(SOURCE MATERIAL)
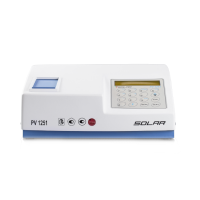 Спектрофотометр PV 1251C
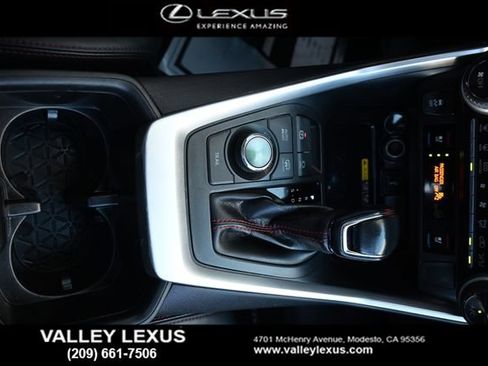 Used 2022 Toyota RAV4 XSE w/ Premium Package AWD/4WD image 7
(End SOURCE MATERIAL)
(SOURCE MATERIAL)
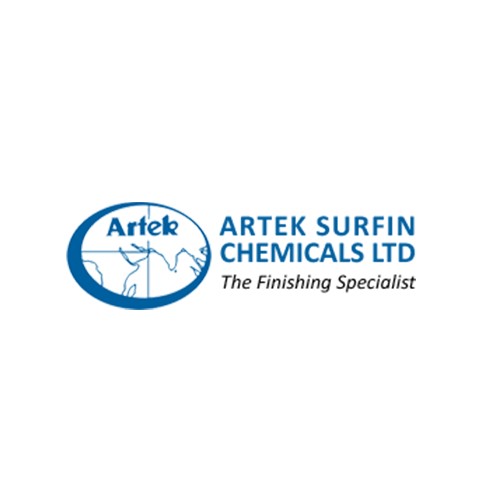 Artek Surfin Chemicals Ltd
(End SOURCE MATERIAL)
(SOURCE MATERIAL)
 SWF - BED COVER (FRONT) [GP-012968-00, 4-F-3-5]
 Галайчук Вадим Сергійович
(End SOURCE MATERIAL)
_WHAT IS NEEDED_. Print exactly, with no pictures, the lines above from the one that holds "Спектрофотометр PV 1251C" through the one that holds "Used 2022 Toyota", both of them included.

_RESPONSE TO THIS TASK_.
 Спектрофотометр PV 1251C
 Used 2022 Toyota RAV4 XSE w/ Premium Package AWD/4WD image 7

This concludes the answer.